I was reminded of this line of work while reading a fantastic piece of long-form journalism in the Washington Post from journalist Stephanie McCrummen. This article, titled “The Town Crier” is a profile of a 40-year-old, mother of two, who now lives in Georgia. The article describes her as follows:

Suspicious of almost everything, trusting of almost nothing, believing in almost no one other than those who share her unease, she has in many ways become a citizen of a parallel America — not just red America, but another America entirely, one she believes to be awash in domestic enemies, stolen elections, immigrant invaders, sexual predators, the machinations of a global elite and other fresh nightmares revealed by the minute on her social media scrolls.

What is interesting however, is that at the heart of her how she got to this point is curiosity and a question, as the article says, that she “had been wrestling with most of her life.” In her own words,

“Sometimes, I’d like to know what the point is… The fact that I can’t figure it out is what bothers me. Because I need to understand.”

To me, that sentence above “the fact that I can’t figure it out is what bothers me” is curiosity but it is of a kind that has led to one answer and an unwillingness to go further. Thus, one way of understanding this individual, and others of the same mind-set, is that she / they is/are being driven by deprivation curiosity—seeking to find “the” answer and once arrived it, the search is over.

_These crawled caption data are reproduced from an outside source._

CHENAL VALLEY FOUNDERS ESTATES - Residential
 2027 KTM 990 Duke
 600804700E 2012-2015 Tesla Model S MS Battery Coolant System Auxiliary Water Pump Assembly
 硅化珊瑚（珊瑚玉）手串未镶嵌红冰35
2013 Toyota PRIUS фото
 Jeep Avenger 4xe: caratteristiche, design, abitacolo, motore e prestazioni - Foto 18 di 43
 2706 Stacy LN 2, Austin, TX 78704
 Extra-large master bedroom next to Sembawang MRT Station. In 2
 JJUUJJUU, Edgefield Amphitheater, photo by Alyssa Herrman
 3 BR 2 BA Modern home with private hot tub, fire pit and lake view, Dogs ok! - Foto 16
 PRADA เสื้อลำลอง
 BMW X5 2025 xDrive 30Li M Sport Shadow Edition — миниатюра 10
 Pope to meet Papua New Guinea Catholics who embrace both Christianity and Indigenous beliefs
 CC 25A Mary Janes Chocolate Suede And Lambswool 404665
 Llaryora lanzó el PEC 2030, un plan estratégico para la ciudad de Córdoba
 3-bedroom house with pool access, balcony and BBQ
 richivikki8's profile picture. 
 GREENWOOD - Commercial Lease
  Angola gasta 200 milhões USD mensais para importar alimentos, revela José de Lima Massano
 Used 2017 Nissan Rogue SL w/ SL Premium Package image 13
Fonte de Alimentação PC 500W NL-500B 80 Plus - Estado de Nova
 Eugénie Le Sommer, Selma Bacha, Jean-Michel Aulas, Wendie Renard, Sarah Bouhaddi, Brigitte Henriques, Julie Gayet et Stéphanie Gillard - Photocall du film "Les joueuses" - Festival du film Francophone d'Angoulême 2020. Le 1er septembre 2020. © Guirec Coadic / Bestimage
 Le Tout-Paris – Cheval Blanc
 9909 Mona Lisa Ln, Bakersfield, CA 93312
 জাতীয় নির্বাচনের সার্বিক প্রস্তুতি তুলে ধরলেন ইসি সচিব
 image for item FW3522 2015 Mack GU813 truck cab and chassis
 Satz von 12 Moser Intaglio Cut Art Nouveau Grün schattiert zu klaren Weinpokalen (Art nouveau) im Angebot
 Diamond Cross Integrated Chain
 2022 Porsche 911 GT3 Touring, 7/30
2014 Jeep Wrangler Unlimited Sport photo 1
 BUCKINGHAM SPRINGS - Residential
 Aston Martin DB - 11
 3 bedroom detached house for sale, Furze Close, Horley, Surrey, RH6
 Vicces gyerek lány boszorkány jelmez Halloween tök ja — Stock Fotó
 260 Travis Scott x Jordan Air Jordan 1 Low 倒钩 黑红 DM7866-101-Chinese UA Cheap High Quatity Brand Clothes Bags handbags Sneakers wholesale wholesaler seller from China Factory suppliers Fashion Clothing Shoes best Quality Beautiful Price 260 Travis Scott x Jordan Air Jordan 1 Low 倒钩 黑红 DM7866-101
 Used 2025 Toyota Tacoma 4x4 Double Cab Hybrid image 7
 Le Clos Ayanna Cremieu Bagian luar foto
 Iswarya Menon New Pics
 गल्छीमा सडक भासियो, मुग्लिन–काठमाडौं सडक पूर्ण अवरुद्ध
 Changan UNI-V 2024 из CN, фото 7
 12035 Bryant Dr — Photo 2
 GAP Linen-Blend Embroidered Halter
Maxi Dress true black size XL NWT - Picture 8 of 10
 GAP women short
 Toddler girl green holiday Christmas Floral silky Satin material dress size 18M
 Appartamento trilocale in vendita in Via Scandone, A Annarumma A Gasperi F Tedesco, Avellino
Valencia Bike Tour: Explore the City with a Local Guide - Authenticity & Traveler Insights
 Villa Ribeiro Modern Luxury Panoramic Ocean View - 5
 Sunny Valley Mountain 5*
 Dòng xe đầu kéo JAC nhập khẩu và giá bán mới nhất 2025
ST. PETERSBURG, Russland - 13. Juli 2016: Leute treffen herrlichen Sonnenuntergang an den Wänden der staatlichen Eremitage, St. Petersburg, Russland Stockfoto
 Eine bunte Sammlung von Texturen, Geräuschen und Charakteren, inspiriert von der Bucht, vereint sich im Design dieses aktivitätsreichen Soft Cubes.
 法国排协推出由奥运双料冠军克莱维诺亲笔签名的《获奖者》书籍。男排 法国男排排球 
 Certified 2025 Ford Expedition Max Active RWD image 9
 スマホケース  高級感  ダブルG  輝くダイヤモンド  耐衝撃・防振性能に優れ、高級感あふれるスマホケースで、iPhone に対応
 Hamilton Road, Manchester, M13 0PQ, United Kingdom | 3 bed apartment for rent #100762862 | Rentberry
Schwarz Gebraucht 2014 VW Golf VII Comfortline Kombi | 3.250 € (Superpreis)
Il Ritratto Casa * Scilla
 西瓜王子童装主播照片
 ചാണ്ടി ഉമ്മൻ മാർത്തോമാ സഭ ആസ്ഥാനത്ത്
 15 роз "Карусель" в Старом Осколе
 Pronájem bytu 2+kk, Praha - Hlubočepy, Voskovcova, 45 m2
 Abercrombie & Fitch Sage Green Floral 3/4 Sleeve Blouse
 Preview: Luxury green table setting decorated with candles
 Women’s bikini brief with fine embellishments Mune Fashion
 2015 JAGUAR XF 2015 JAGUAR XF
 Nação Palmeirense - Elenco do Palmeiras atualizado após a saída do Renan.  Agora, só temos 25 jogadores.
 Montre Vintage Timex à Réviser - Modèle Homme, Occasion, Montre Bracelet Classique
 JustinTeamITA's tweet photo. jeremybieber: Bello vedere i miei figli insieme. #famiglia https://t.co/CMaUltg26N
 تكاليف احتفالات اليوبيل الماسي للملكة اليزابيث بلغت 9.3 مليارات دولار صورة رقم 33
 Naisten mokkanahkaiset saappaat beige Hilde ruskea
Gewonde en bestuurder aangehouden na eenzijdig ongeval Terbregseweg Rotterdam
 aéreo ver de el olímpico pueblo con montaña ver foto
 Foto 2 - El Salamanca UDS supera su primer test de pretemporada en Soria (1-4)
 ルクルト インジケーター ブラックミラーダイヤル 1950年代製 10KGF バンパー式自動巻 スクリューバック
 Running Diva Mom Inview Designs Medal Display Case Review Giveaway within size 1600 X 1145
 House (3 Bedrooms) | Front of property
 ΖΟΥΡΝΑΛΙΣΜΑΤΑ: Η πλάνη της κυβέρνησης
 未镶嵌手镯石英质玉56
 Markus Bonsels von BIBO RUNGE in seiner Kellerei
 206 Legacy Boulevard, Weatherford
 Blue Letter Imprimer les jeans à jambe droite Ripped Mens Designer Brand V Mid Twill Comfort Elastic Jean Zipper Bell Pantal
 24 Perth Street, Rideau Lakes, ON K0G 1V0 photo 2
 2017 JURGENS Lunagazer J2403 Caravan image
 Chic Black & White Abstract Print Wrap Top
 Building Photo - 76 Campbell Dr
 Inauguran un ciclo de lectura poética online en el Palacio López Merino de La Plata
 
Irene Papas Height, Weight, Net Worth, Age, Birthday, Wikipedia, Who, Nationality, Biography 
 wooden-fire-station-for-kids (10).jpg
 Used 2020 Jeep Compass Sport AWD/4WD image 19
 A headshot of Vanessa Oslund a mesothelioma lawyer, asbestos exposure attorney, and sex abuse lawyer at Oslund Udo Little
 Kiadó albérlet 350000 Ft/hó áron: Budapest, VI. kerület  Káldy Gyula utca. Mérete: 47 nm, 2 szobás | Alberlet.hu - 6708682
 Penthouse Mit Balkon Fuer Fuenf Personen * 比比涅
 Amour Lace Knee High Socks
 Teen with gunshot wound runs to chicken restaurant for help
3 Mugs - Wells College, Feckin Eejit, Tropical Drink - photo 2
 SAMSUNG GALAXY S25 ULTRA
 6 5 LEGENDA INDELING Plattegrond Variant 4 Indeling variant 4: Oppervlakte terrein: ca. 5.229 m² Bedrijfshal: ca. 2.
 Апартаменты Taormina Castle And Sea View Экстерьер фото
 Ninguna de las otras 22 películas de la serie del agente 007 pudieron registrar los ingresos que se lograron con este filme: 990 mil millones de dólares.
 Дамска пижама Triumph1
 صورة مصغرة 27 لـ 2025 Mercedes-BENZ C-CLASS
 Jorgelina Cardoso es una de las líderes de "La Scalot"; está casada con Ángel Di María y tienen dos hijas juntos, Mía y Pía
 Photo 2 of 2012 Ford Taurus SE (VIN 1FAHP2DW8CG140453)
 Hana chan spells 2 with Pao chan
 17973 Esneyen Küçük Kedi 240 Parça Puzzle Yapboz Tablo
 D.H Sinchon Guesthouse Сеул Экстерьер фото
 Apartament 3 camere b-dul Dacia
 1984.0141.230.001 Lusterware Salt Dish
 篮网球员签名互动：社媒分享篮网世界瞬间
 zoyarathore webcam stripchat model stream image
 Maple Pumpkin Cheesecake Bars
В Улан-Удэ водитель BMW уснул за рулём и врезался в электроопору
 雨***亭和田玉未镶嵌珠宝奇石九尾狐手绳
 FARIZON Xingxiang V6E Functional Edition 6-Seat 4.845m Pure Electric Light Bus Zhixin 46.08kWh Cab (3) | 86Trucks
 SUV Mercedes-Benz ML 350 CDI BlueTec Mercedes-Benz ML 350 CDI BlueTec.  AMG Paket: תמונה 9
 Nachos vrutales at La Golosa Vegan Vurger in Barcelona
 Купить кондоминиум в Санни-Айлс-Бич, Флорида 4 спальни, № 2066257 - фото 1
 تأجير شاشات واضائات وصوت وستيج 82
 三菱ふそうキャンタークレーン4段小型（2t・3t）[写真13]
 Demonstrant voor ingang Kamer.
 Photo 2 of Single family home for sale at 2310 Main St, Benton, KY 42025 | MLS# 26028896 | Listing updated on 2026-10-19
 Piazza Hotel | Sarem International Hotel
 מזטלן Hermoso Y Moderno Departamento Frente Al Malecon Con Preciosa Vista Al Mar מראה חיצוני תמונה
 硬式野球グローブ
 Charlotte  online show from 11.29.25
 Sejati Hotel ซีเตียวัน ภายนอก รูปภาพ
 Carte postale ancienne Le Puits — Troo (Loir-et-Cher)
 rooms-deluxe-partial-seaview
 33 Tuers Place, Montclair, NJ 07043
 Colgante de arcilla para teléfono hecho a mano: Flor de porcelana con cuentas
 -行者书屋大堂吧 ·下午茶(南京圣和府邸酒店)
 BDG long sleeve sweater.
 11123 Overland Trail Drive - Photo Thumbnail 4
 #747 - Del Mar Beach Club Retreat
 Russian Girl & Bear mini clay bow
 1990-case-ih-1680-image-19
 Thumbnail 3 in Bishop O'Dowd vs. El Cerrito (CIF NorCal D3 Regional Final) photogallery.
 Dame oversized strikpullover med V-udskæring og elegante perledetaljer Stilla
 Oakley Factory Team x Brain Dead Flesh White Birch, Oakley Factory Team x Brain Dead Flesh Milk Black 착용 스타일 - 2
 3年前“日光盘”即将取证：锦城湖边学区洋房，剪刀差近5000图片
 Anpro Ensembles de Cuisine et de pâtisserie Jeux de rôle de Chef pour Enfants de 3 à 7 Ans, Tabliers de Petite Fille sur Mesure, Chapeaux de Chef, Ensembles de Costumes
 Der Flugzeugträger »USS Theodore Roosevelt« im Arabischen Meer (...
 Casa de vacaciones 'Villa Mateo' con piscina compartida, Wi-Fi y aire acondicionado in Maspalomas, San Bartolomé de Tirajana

Litman (one of the key researchers in the field) argued in a study published in 2008, discovery curiosity “is concerned with stimulating positive affect, diversive exploration, learning something completely new and mastery-oriented learning” while deprivation curiosity “involves the reduction of uncertainty, specific exploration, acquiring information that is missing from an existing knowledge-set and performance-oriented learning.”

Moreover, Schooler (and colleagues) argue that deprivation curiosity is inquisitive but not discerning, and is associated with excessive openness to inaccurate information. They summarize that, discovery curiosity has been linked to learning and innovation – associated with knowledge, accuracy and discernment. Deprivation curiosity, in contrast is associated with errors, confusion and a lack of humility. The urge to reduce uncertainty makes them susceptible to fake news, believe disinformation and lack intellectual humility.

As Salman Rushdie said:

I do not envy people who think they have a complete explanation of the world, for the simple reason that they are obviously wrong.

It is rare that I read something in the research literature that connects so clearly to a phenomenon in the world that I had puzzled over. And as an educator, it is clear to me that though curiosity is important, our goal should be to encourage discovery (or general interest) curiosity. As Schooler said in his interview:

I really think that cultivating curiosity is important, but we want to cultivate it in the positive sense of encouraging people to develop a childlike wonder, a delight in understanding, in an appreciation that there is always more to learn, rather than a need to know in order to fill some void.